The hearing came on the heels of the need to reauthorize Commodity Futures Exchange Commission (CFTC) authority to continue oversight of the markets. It also came following a high profile piece on CBS’s 60 Minutes (http://www.cbsnews.com/videos/is-the-us-stock-market-rigged/) alleging the gaming of high-frequency trades in the stock market by manipulating computer systems.
Michigan Sen. Debbie Stabenow, chairwoman of the Senate Agriculture Committee, acknowledged concerns that government oversight is in an “arms race” with markets when it comes to new technologies. “When we look at (commodities) markets, on the one hand, we know it’s different -- it isn’t fragmented like the securities market. On the other hand, we’re talking about greater and greater technology and speed and whether, or not, the risks of higher trading speeds outweigh the benefits both in terms of managing risk and price discovery.”
This is not an idle concern testified Andrei Kirilenko, MIT professor of finance. “What we found empirically by looking at very important futures contracts is … firms that operate in the industry are highly concentrated.
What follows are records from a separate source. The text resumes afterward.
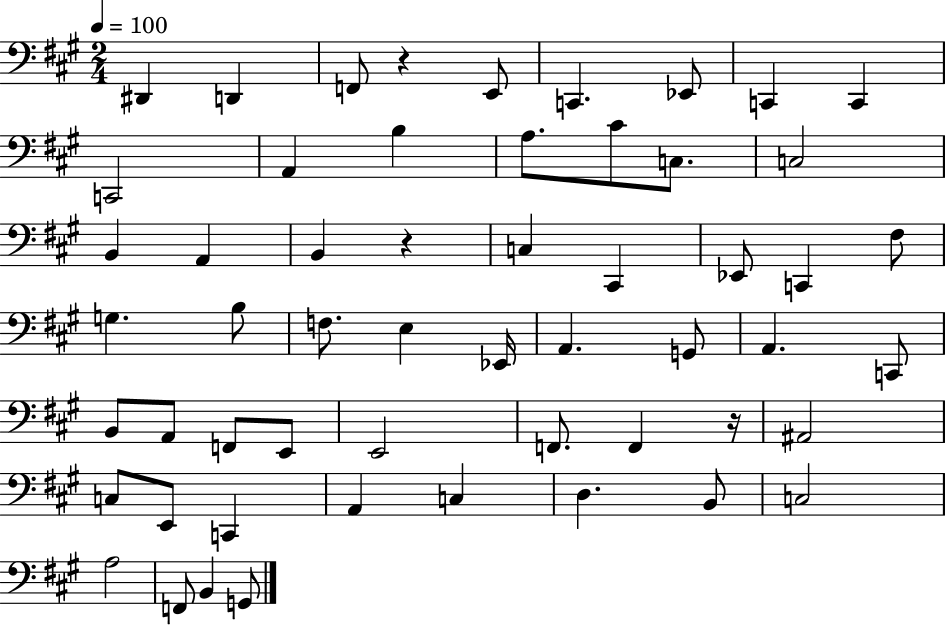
X:1
T:Untitled
M:2/4
L:1/4
K:A
^D,, D,, F,,/2 z E,,/2 C,, _E,,/2 C,, C,, C,,2 A,, B, A,/2 ^C/2 C,/2 C,2 B,, A,, B,, z C, ^C,, _E,,/2 C,, ^F,/2 G, B,/2 F,/2 E, _E,,/4 A,, G,,/2 A,, C,,/2 B,,/2 A,,/2 F,,/2 E,,/2 E,,2 F,,/2 F,, z/4 ^A,,2 C,/2 E,,/2 C,, A,, C, D, B,,/2 C,2 A,2 F,,/2 B,, G,,/2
What happens when markets become concentrated like this is it creates a ‘winner takes all’ environment.
“Instead of focusing on the needs of customers, intermediates start focusing on how to outcompete their peers. Whoever is one nanosecond late won’t get the trade. Therefore what we might be witnessing is potentially socially inefficient investment in technologies that don’t necessarily benefit the end users.”
Would the smaller retail investor notice if the market slowed down by milliseconds or nanoseconds?
“The technological advancement -- faster and cheaper computer power -- is bearing the fruit of making the prices, operating around the clock, having market quality indicators,” said Kirilenko. “Smaller investors, when executing a few contracts in futures, may be benefiting. But their pension fund managers who are trying to execute in size, trying to manage risks of their entire portfolio, may be paying the cost that, empirically, could be higher. It isn’t necessarily clear how much higher. … But on the whole, the benefits may be disproportionately shifting towards smaller trades and a few people inside the markets instead of a much broader constituency.”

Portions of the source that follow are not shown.